Маргерит вновь побледнела и с такой нежностью взглянула на Кристину, словно хотела единственным взглядом выразить всю свою материнскую любовь.

— Хочу ли я высказаться! — медленно повторила женщина, уверенно оглядывая жестокую, любопытную толпу, которая, надеясь услышать нечто новое, продолжала напирать на стражников. — Желает ли мать высказаться в защиту своего несправедливо обиженного ребенка! А не спросишь ли ты меня еще, герр Хофмейстер, являюсь ли я человеком? Мы происходим из презренного рода — я и Бальтазар, но подобно тебе, гордый бейлиф, и подобно знати, что сидит рядом с тобой, — мы все происходим от Господа! Человеческие суд и власть сокрушили нас с самого начала и заставили терпеть от мира унижение и несправедливость!

— Не говори так, почтеннейшая; от тебя ничего не требуется, кроме соблюдения законов. Сейчас ты поступаешь против собственных интересов; и я из одной только жалости перебью тебя. Да и мне не пристало сидеть тут и слушать, как кто-то злобно чернит законы.

— Я не сведуща в тонкостях законов, но знаю, что они не-справедливы в отношении меня и моей семьи! Все люди приходят в этот мир с какими-то надеждами, и только мы с первых дней ввергнуты в ничтожество. Разве может быть справедливым то, что сокрушает человеческие надежды? Даже грешники могут не отчаиваться благодаря искупительной жертве сына Божия! Но мы рождаемся на свет под сенью твоих законов, которые не приносят нам ничего, кроме позора и презрения!

— Ты ошибаешься, почтенная госпожа; за службу ваша семья имеет наследственные привилегии, которые, не сомневаюсь, всегда считались вашим семейством выгодными.

— Я не знаю, как было в те мрачные и давние века, когда лучший из варваров был свирепей нынешних разбойников; возможно, тогда люди соглашались нести службу палача по доброй воле. Но согласно ли с волей Господа, волею которого существует мир доныне, а в будущем всякое зло будет осуждено, — что сын должен наследовать злые деяния отца?

— Как! Ты подвергаешь сомнению законность унаследования? Наверное, ты готова оспорить даже права бюргерства!
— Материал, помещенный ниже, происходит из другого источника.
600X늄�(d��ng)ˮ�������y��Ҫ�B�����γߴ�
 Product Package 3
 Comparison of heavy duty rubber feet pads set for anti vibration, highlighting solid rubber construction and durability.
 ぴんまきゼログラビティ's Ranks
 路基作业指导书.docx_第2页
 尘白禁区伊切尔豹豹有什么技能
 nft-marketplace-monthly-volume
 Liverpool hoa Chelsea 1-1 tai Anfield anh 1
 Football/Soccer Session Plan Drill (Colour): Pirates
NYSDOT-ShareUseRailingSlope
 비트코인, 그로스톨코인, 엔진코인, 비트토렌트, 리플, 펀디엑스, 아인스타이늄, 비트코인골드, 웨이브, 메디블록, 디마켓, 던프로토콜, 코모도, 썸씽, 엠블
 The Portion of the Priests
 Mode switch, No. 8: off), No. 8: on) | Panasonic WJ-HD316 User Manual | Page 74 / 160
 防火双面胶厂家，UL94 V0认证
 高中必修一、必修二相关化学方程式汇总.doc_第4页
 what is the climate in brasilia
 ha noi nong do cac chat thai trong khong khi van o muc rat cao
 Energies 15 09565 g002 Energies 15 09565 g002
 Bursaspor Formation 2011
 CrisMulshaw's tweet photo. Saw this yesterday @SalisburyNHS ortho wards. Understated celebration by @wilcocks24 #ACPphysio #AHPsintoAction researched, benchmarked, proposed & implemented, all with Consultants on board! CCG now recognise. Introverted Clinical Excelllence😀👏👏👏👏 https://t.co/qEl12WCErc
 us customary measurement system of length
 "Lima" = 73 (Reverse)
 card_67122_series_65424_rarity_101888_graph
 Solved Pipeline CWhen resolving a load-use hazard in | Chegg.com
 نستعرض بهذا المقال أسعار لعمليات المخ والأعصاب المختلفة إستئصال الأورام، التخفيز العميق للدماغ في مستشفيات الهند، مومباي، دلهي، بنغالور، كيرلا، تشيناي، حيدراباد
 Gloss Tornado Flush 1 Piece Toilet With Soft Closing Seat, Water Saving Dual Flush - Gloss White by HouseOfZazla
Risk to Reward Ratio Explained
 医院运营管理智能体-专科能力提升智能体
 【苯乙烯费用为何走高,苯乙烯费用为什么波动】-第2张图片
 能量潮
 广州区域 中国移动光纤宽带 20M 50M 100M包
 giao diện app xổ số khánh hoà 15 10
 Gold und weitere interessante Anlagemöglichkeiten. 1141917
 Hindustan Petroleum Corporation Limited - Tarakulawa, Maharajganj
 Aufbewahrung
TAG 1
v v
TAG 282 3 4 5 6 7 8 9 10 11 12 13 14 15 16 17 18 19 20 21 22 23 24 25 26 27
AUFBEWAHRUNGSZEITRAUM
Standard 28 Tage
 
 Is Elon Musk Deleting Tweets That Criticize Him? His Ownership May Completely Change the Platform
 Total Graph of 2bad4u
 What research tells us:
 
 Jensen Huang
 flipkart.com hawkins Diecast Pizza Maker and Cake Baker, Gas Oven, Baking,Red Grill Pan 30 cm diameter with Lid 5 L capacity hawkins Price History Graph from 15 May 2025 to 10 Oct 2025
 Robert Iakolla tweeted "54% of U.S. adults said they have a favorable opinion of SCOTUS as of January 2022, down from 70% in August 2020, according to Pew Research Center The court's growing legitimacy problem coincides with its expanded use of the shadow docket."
— Мне не известно ничего о твоих гражданских правах, и я не могу ни одобрять, ни порицать их. Но вся жизнь моя, протекшая в унижении, могла бы быть светлой и радостной; думаю, привилегии, честно заслуженные, хотя и с ними могут быть сопряжены довольно трудные обязанности, совсем не то, что ответственность детей за преступления отцов. Это противоречит воле неба, и настанут времена, когда за обиды невинных придется платить.

— Обида за свою милую дочь, добрая Маргерит, принуждает тебя говорить столь сурово.

— Разве дочь палача и жены палача не столь же дорога своим родителям, как эта прекрасная девица, сидящая рядом со своим благородным отцом? Разве меньше я буду любить свою дочь оттого, что ее презирают жестокие люди? Не так же ли я страдала, рожая ее, радовалась детскому смеху, надеялась, что она будет счастлива? Разве меньше трепетала бы я, соглашаясь отдать ее жениху, будь она более удачливой, но не такой красивой? Или Господь создал две природы — и матери тоскуют по-разному, по-разному томятся о детях — о богатых и счастливых не так, как о бедных и всеми презираемых?

— Продолжай, добрая Маргерит; ты необычно судишь о деле. Так, значит, наши уважаемые обычаи и продуманные указы, распоряжения правительства, городские правила — ничто в сравнении с естественными законами, честными и действенными?

— Думаю, они выше, чем выдуманное людьми право, и действуют, когда слезы обиженных выплаканы и судьбы их позабыты!